Si la mythologie nordique bénéficie d’une connaissance superficielle mais large au sein de la culture populaire européenne (bien aidée en cela par les nombreuses productions artistiques qui la prennent pour source d’inspiration), la question de la religion des habitants de la Scandinavie au Haut Moyen-Age est restée bien en retrait. Et pour cause : hors l’importance du sacrifice, il est peu de choses certaines. Temples, espace sacré au sein d’une exploitation agricole aristocratique, bosquet ou lac sacrés ? La question des lieux et des possibles évolutions ou particularités locales est encore très débattue (mais le débat se tourne actuellement vers la solution de lieux multifonctionnels, p. 31). Il en est de même des pratiques et des croyances. Comme il apparaît peu probable que les auteurs des sagas du milieu du Moyen-Age aient recopié mot à mot des sources écrites plus anciennes, ces mêmes sagas ne peuvent rendre compte sans critique et à elles seules de l’état des croyances lors de la période de la colonisation viking (VIIIe-XIe siècles). C’est là qu’intervient l’archéologie, qui chez N. Price vient établir un dialogue avec les sources textuelles quand cela est possible. Chez l’auteur britannique (qui enseigne à Uppsala), la religion ce n’est pas que le culte « officiel » aux dieux et aux esprits (ce qui serait trop dépendant d’une Weltanschauung chrétienne contemporaine) mais aussi tout le monde supranaturel dans lequel baigne le Scandinave des deux sexes au Haut Moyen-Age. Le moyen pour les Humains d’agir sur le monde, au travers des forces supranaturelles, c’est la magie, le seiðr, et dont les grands-maîtres sont Freya et Odin.

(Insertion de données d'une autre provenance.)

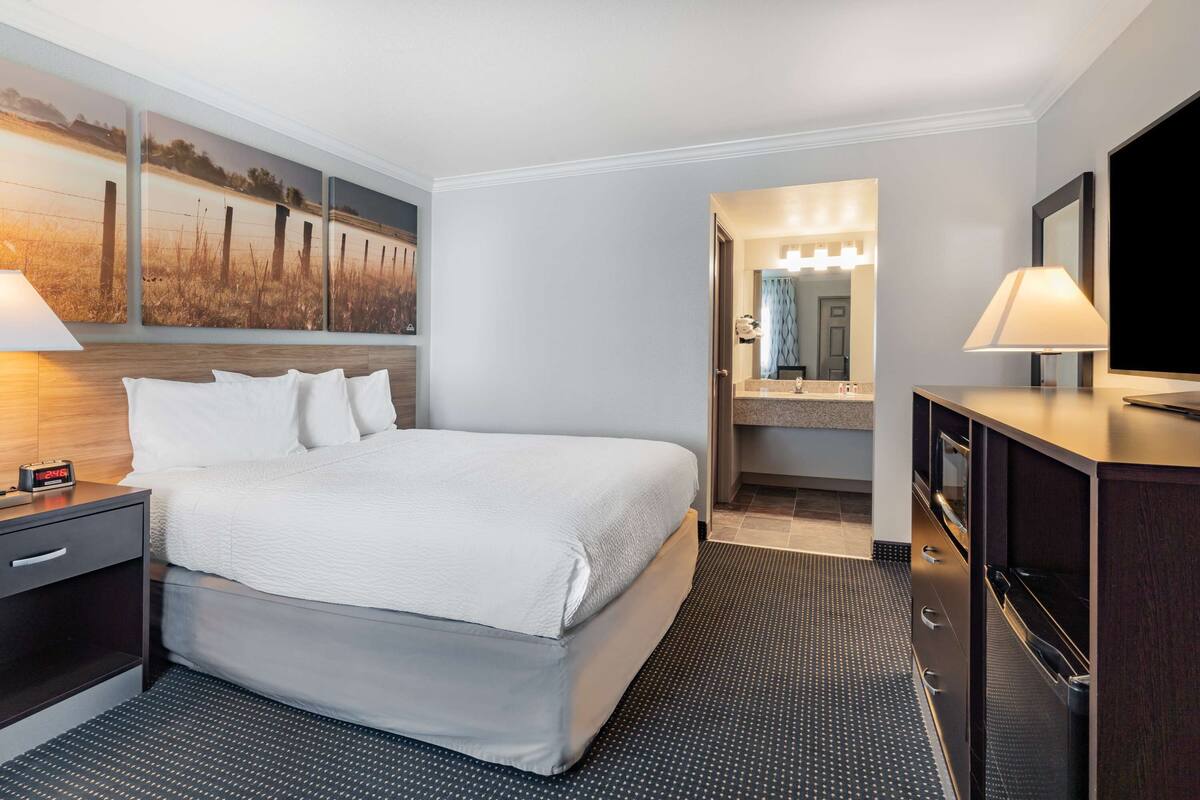 A hotel room with a large bed, a nightstand, a dresser, a TV, and a bathroom visible through an open door.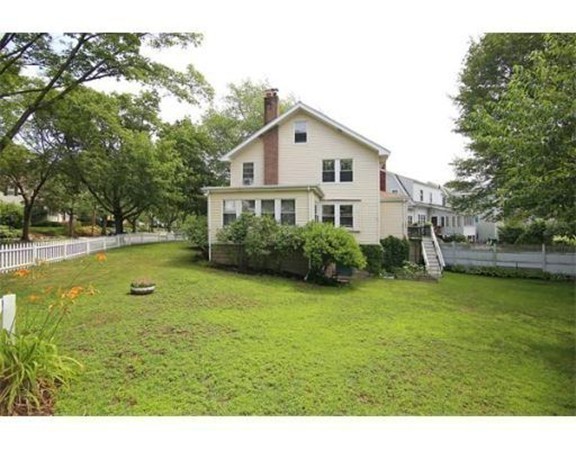 11 Jackson Road Medford, MA 02155 - Photo 3 of 12 a view of a house with swimming pool and a yard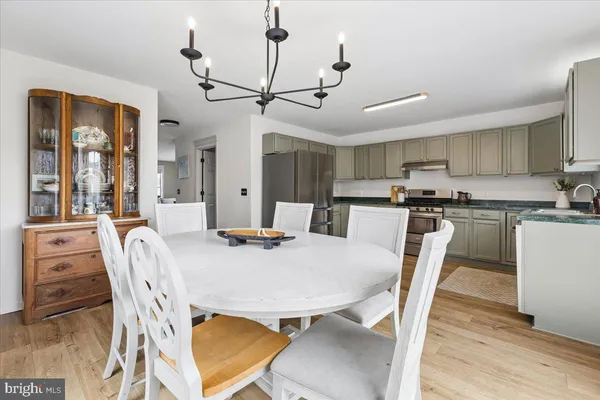 a kitchen with granite countertop a sink cabinets stainless steel appliances and a window
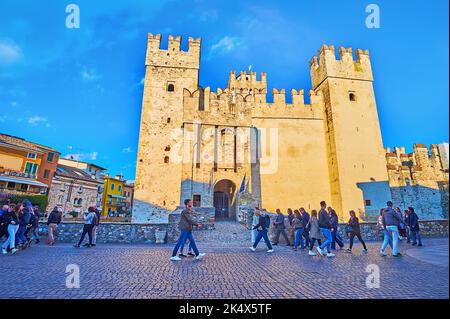 SIRMIONE, ITALIEN - 10. APRIL 2022: Fassade aus mittelalterlichem Stein Scaligero Castle mit Tor, Wall und Türmen, am 10. April in Sirmione Stockfoto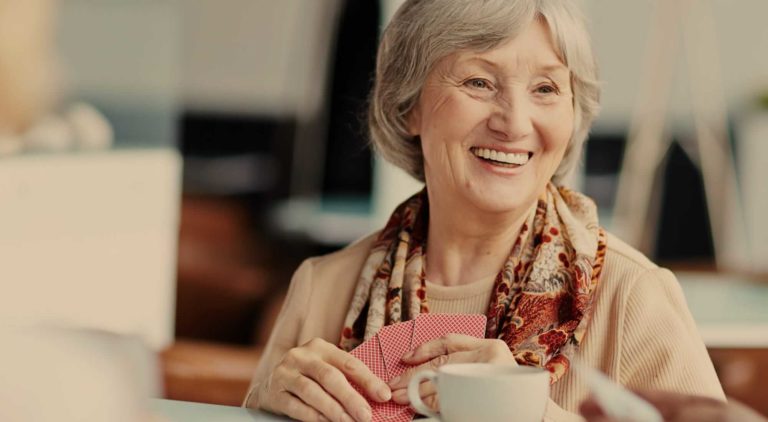 Resident playing cards and enjoying tea in a common space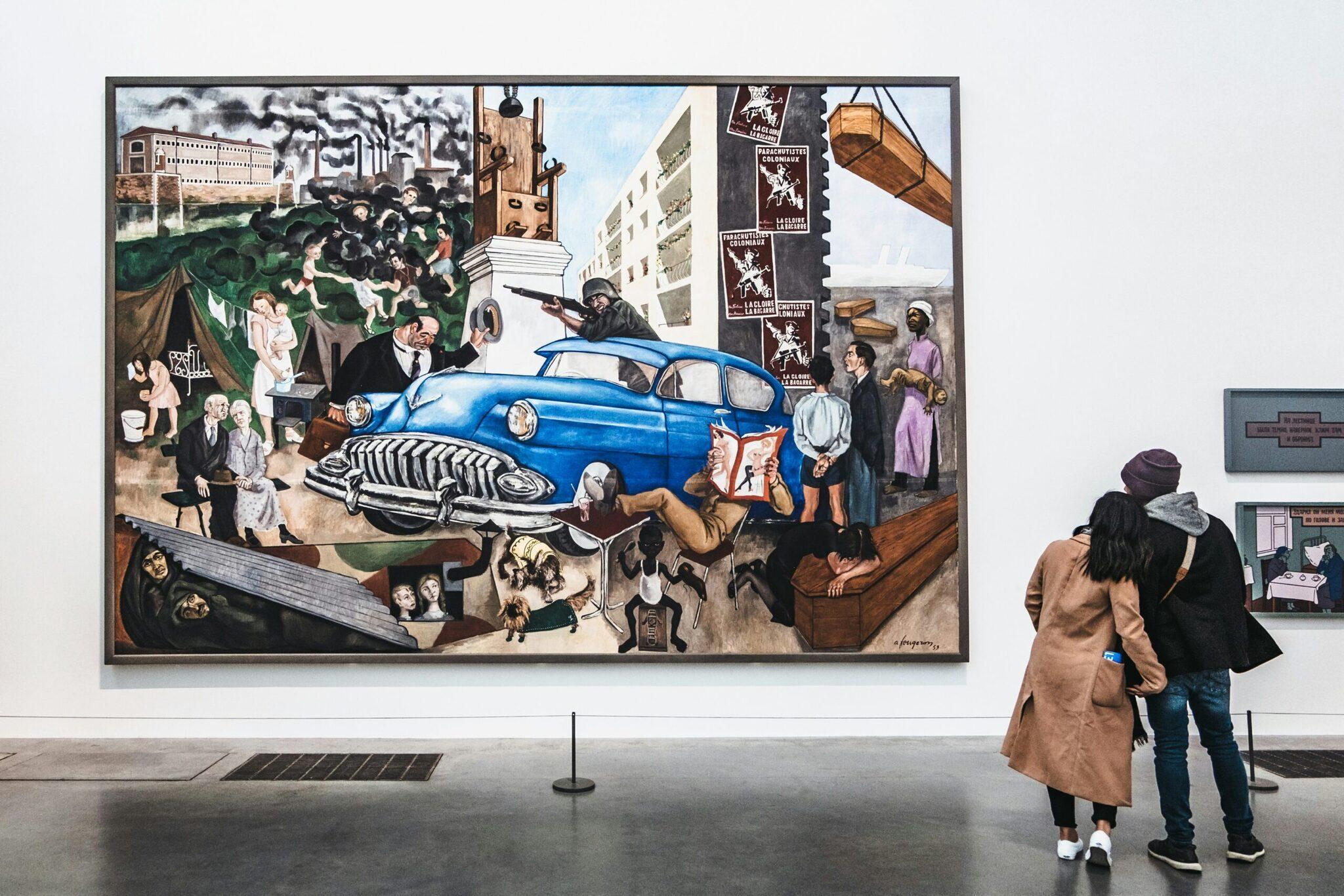 Dos visitantes observan un mural colorido que representa un coche azul vintage y escenas urbanas en un museo
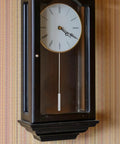 DIY Clock Pendulum Replacement Cylinder for Wall Clocks 10.62 Inch Metal Pendulum shown in use in a wooden wall clock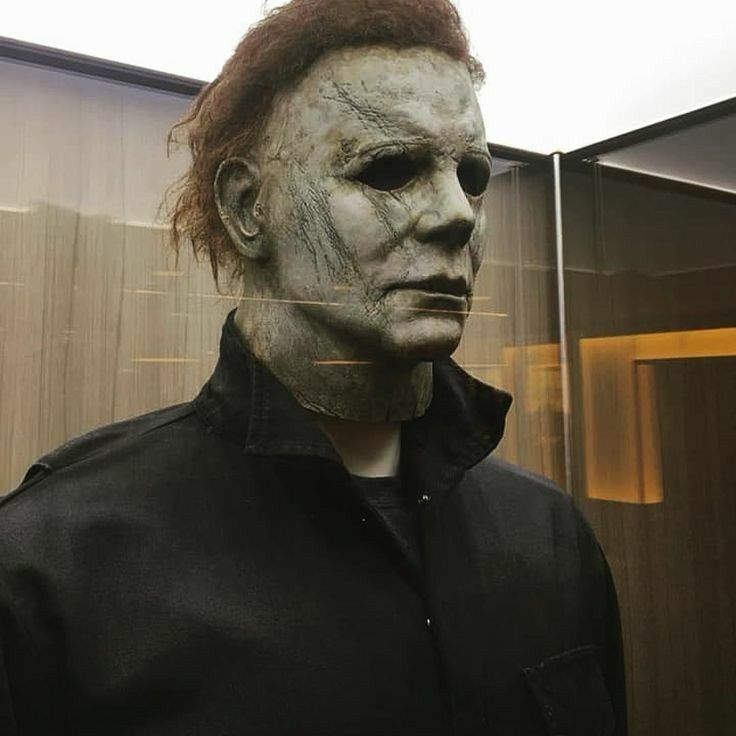 a man in a black shirt wearing a creepy mask and looking at the camera while standing next to a mirror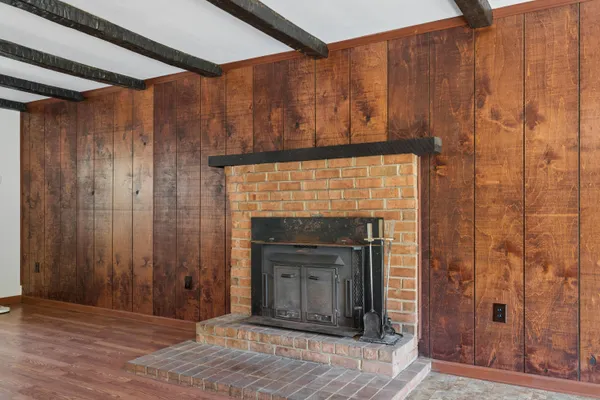 a view of a livingroom with wooden floor and a fireplace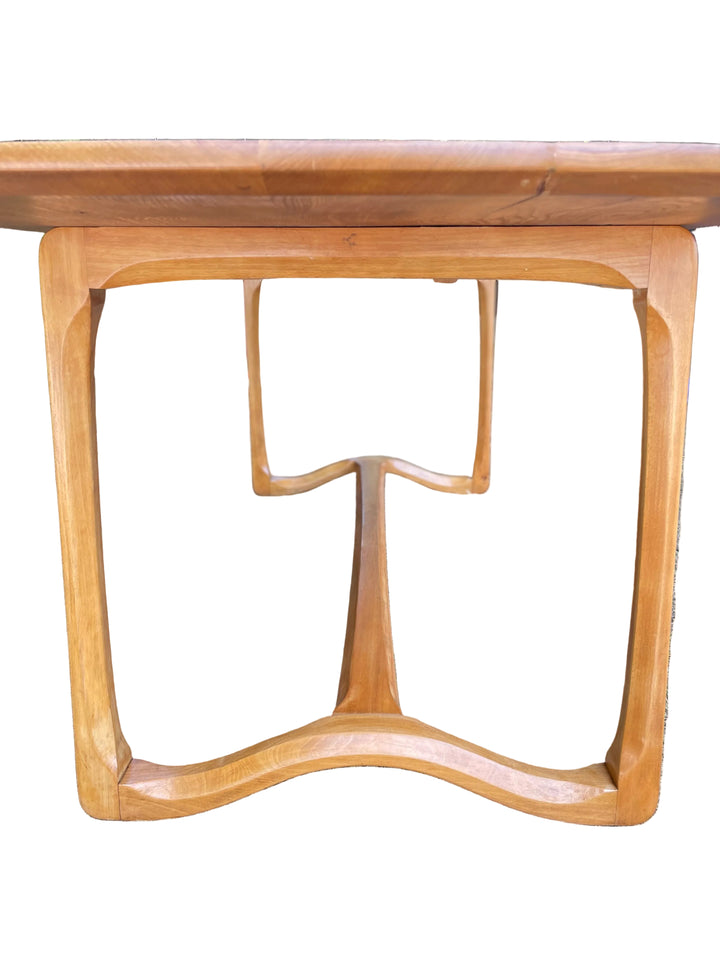 close-up of a wooden dining table base with a warm honey finish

Le présent livre étant l’édition d’une thèse de doctorat parue en 2002 (mais dans la version augmentée de 2019), il ne s’adresse pas à un public très large et démarre assez classiquement par des considérations méthodologiques. Dans la grande tradition britannique, cette partie méthodo-philosophique est très maîtrisée (avec une histoire des courants historiographiques et comment l’auteur se place par rapport à eux) et aboutit à un deuxième chapitre qui se concentre plus spécifiquement sur les problèmes que rencontre l’étude de la sorcellerie norroise et en premier lieu l’absence de système. N. Price détaille aussi la composition de la « population invisible » de la Scandinavie au-delà des dieux eux-mêmes (p. 27), qu’ils soient servants des dieux (corbeaux, boucs etc.), les Nornes, les géants, les elfes, les nains, les ogres et les trolls, les esprits gardiens de lieux, le Cauchemar et les projections de l’esprit humain. Puis l’auteur va plus loin dans la description des différents types de magie : le seiðr à proprement parler (lié à l’esprit et à l’invocation), le galdr (parlé, chanté, lié à la malédiction), le gandr (lié à l’énergie du chaos primordial), l’útiseta (être assis à l’extérieur, souvent sous un pendu, près d’une tombe ou d’une eau courante), la sorcellerie dite odinnique (propre à Odin aux dires des sources) et enfin une magie à bas bruit (littéraire). Une fois les termes définis, N. Price passe aux sources littéraires avant de consacrer plusieurs pages à l’historiographie du sujet et notamment les relations entre l’histoire des religions et l’ethnologie, ou comment l’idée de chamanisme fait son apparition dans l’étude des croyances des habitants non-Lapons de la Scandinavie haut-médiévale.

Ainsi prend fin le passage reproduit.